François Bedel tint le dernier des trois moulins à foulon, dans la vallée des Ponts- Neufs. Au sortir de l’étang, franchie la chaussée dont on attribue la construction aux Romains, le Gouessan se faufilait par cette gorge sauvage, jusqu’à la mer. A chaque détour, un moulin. Moulin à blé, comme les Moulins-Rolland, moulin à foulon, comme ce moulin de l’Alouette, où naquit et besogna François Bedel.

Voilà des gens, ces Bedel, qui, pendant des générations, n’ont pas eu à hésiter, à l’âge de prendre un état. Aussi loin que puissent remonter les souvenirs de la famille, on a toujours tenu un moulin à foulon, et dans le même coin. L’arrière-grandpère, le grand-père et le père de François Bedel, qui eut cinq enfants. Et le survivant, tout poudreux du travail des battaisons, garde l’orgueil de cette hérédité.
Si le foulonnier, son moulin détruit, croit encore à la grandeur et à l’utilité de sa mission, il reconnaît qu’il a dû abdiquer devant les essais de coquetterie de la jeunesse campagnarde, avide de singer les citadins. C’est du jour où les coqs de village ont cru s’aristocratiser, en s’habillant de confection, qu’il n’y a plus eu besoin de moulins à foulon. Ceux-ci ont fermé, faute de clientèle.
– Rester à se tourner les pouces dans son fond de vallée, travailler un jour ou deux par semaine ?… On ne pouvait plus tenir, dit François Bedel.

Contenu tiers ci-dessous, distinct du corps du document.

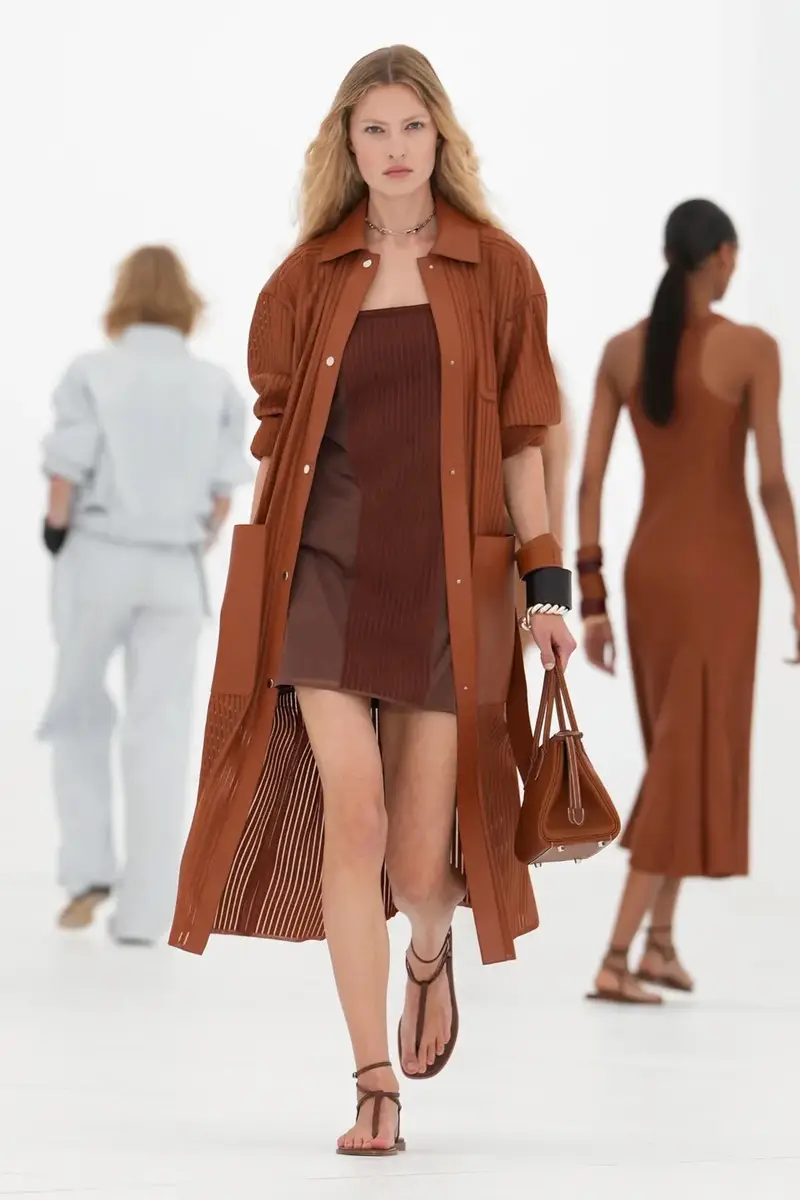 HERMÈS SPRING/SUMMER 2027: CAN A ZIP UNZIP A MAISON? Vanity Teen HERMÈS SPRING/SUMMER 2027: CAN A ZIP UNZIP A MAISON? HERMÈS SPRING/SUMMER 2027: CAN A ZIP UNZIP A MAISON? Vanity Teen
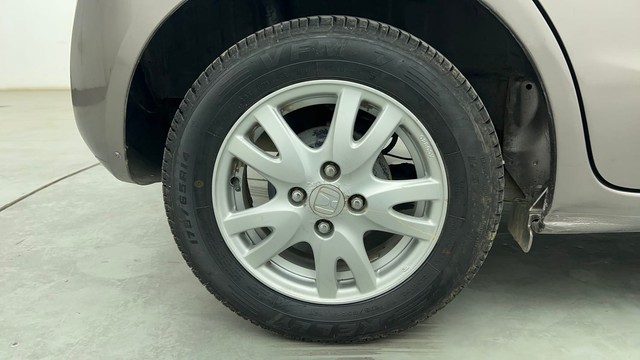 Second-hand 2014 Honda Brio VX for sale in Chennai-18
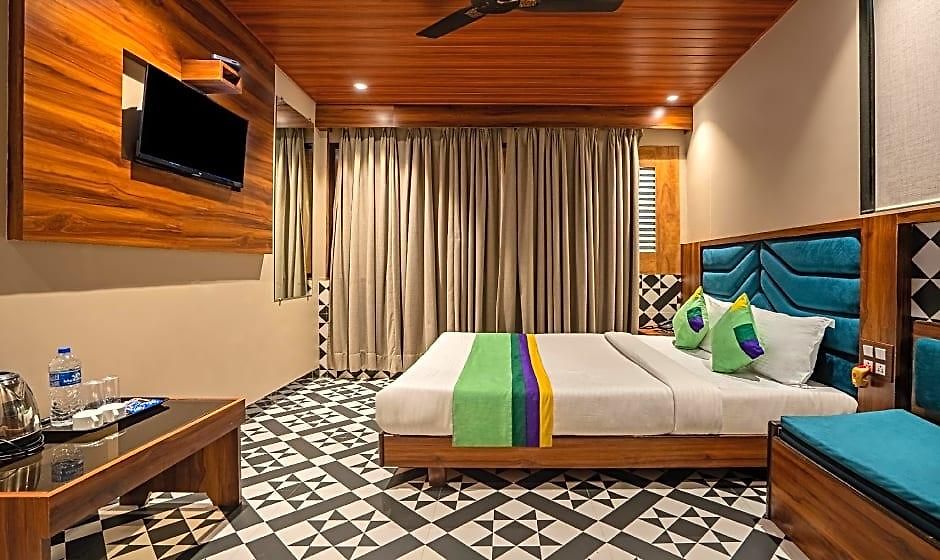 Treebo Andheri East 3*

A la vérité, la mort du tisserand a entraîné celle du foulonnier. Jadis, chaque maison, avec son lin, son chanvre, sa laine, ne se fournissait pas seulement en linge, mais produisait de quoi s’habiller. Le tisserand fabriquait l’étoffe, pour les cotillons féminins, la garrerie verte  ou brune, avec des rayures, et la berlinge, bleue ou jaune, pour les gros effets d’homme. Mais ces draps, étirés par le métier à tisser, paraissaient trop clairs à des ménagères soucieuses de l’à-main, de l’épaisseur et du moelleux.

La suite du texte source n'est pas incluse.